You can start a data science project by asking a question, or you can 
start to explore the data in a variety of ways, hoping you will find an 
interesting correlation. Regardless, data science expects you to know 
a variety of methods from which you can choose one or more that are 
appropriate for answering your questions. You then apply the methods, 
using statistical tests to determine whether your answers are significant— 
that is, whether they merely could have been random. 

Python, long used by system administrators, Web developers and 
researchers, is an increasingly popular choice among people working in 
data science. This is the result of several factors coming together. First, 
Python has a famously shallow learning curve, allowing non-programmers 
to get started and do things in a short amount of time. 

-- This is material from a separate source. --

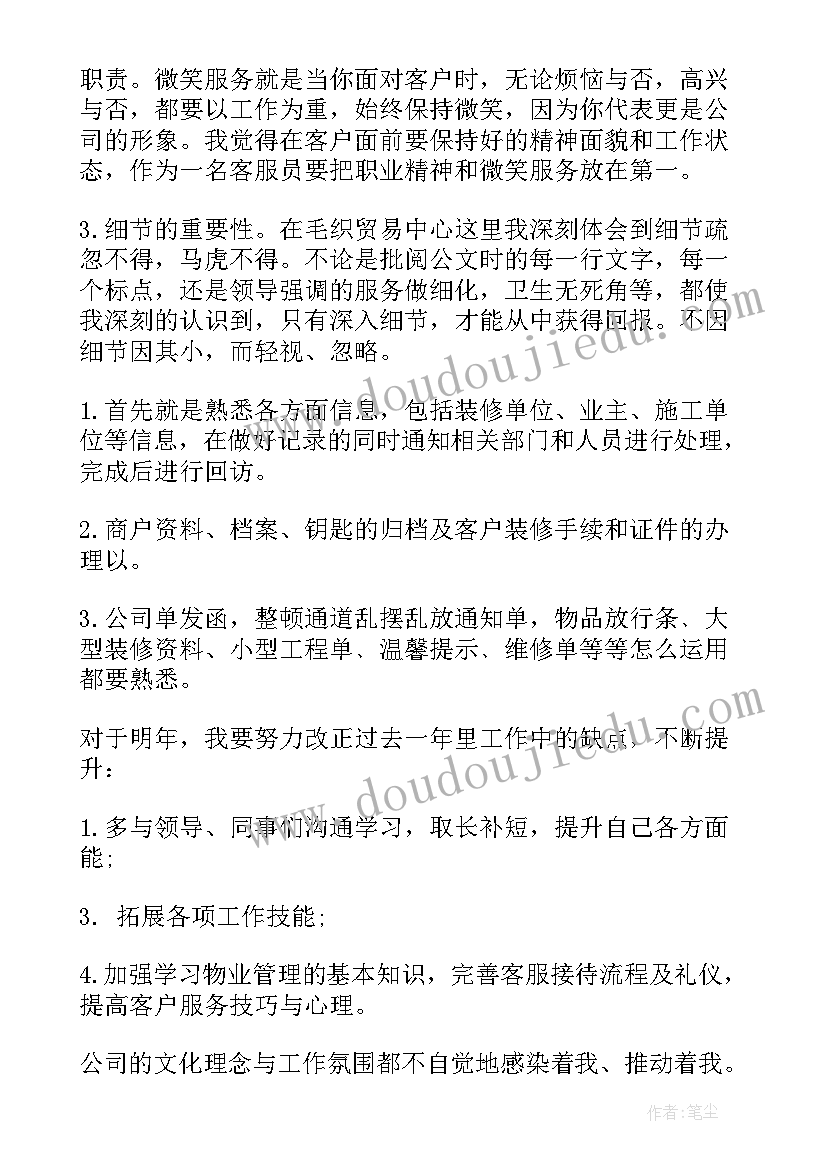 水吧客服年度总结和计划 客服年度工作总结(汇总7篇)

Second, Python works easily and cleanly with a variety of data formats 
and databases. Thus, whether your raw data is in a text file, relational 
database, NoSQL database, CSV file. Excel file or something more 
unusual, the odds are very good that Python will be able to read from it 
easily and quickly. 

Third, a number of libraries for analyzing data in Python, such as 
NumPy, SciPy and Matplotlib, have been under development for many 
years, providing a terrific balance of usability, expressive power and high- 
efficiency execution. In recent years, the Pandas library has added an even 
more useful layer on top of this. 

Finally, the development of IPython, now known as Jupyter, has been 
nothing short of revolutionary, providing developers and data scientists with 
the ability to interact with their programs and data (as with a traditional 
REPL), but to do so on a Web page that easily can be shared among 
collaborators or sent via e-mail for off-line usage and analysis. Indeed, I 
now use the IPython Notebook in all of my Python courses. Not only does 
it provide me with a high-quality way to display the live coding demos I do 
during my classes, but I then can send the document to my students, who 
can replay, modify and better understand what I discussed in class.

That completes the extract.